Original quote is from “Bored of the Rings,” a book written by the Harvard Lampoon–they deserve all credit. The names of Elmer and Pooh have not have been changed so as to comply with the subject of the OP.
…Pooh then responded by pulling out a .38 and emptying it in Elmer’s direction. He would have finished Elmer off then and there, but pity stayed his hand. “It’s a pity I’ve run out of bullets ,” he thought.
Huge apologies to the Harvard Lampoon for my altering their work in this shameful way, but when ya gotta, ya gotta…
Elmer Fudd has a “Must Fail” thing going on while Winnie the Pooh “can come to no true or lasting harm.”
If it comes down to a fight to the death, Elmer will spend hours or days, failing to kill Pooh. Pooh might not even become aware that he is actually in danger and eventually, Elmer’s “Must Fail” will lead to his own accidental death and thus a Winnie the Pooh victory.
Jim *This is my best analysis utilizing my years of deep study in the science of Cartoon physics and Mass Media Tropes. *
As Pooh is making his way down the hallway to finally leave the Disney temple, he notices that his teachers (Peter Pan, Christopher Robin, Eeyore, and the others who have trained him) are standing along the hallway to the outdoors. They have their sleeves pulled up, each exposing burn scars on each arm (Right arm—Disney trademark, Left arm–Cleaning instructions.
Pooh enters a small room which has the door that will take him outside. There are 2 stone stands in the room.
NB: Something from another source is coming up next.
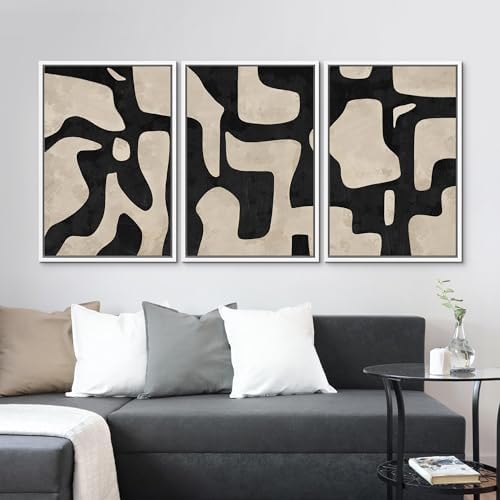 MUDECOR Framed Canvas Print Wall Art Set Abstract Monochrome Shapes Nature - Image 3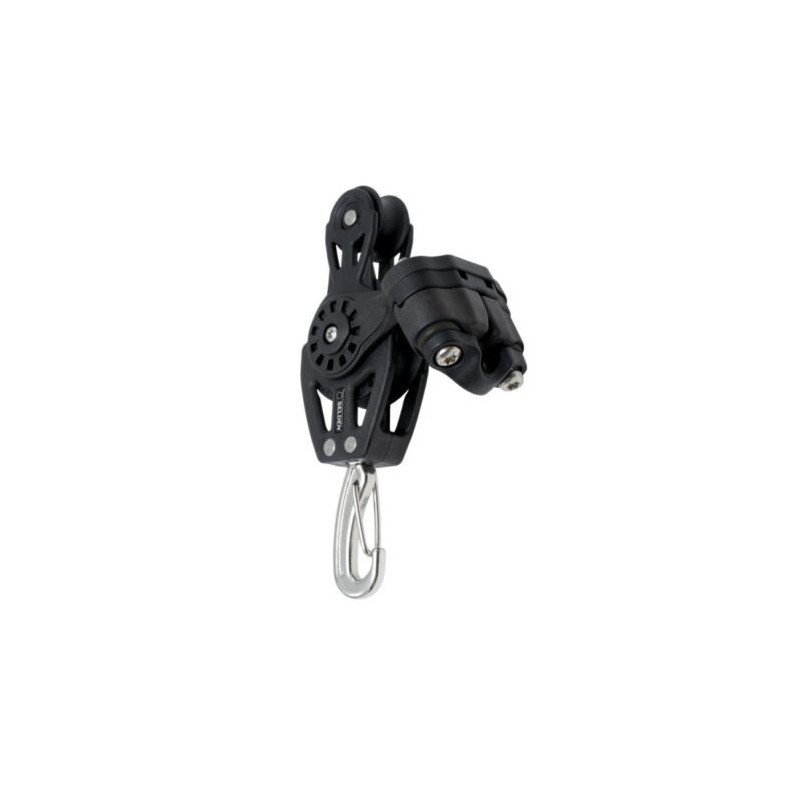 Seldén Ball Bearing 40mm Single Block with Hook + Fiddle + Becket + Cam Cleat Seldén Ball Bearing 40mm Single Block with Hook + Fiddle + Becket + Cam Cleat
On his left side, he sees a boiling pot of honey. This pot has the trademark and cleaning instructions engraved into it… He realises that he must carry and place the boiling honey pot to the Right stand, which wll activate a counterweight that will open the door to the outside.
Thinking to himself “Oh Bother ,” he shakes back the sleeves of his red T-shirt, grasps the pot of boiling honey, and carries it across the room, placing it on the Right stand. The door opens, and Pooh staggers out of the door, and falls face first into a snowbank, with his forearms (now scarred with the Trademark and cleaning instructions, just as his teacher’s arms were) pressed firmly into the snow.
Elmer is going to get his ass kicked bloody if he starts anything.
They get one look at each other and decide to make love, not war.
What? You always knew. Both of them.